> [SOURCE RECORDS]:
________________________
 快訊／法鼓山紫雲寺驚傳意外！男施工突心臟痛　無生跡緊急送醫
________________________
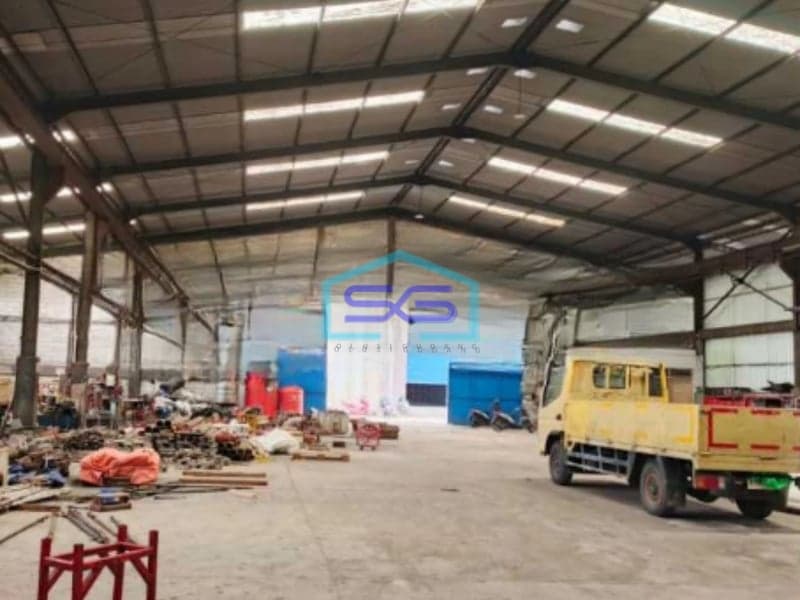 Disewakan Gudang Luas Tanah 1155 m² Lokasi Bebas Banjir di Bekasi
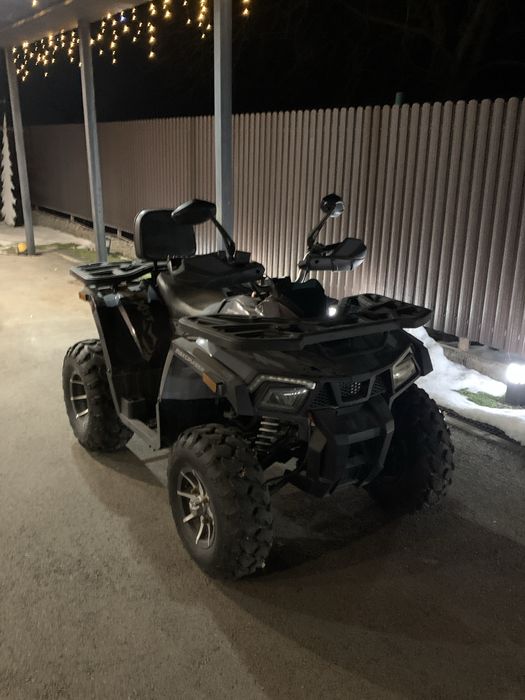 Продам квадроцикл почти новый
________________________
> [TO DO]: Print, exactly and with no pictures, the lines of the listing above starting at the one that has "Disewakan Gudang Luas" and ending at the one that has "Продам квадроцикл почти новый", both included.

> [RESULT OF THE TASK]:
 Disewakan Gudang Luas Tanah 1155 m² Lokasi Bebas Banjir di Bekasi
 Продам квадроцикл почти новый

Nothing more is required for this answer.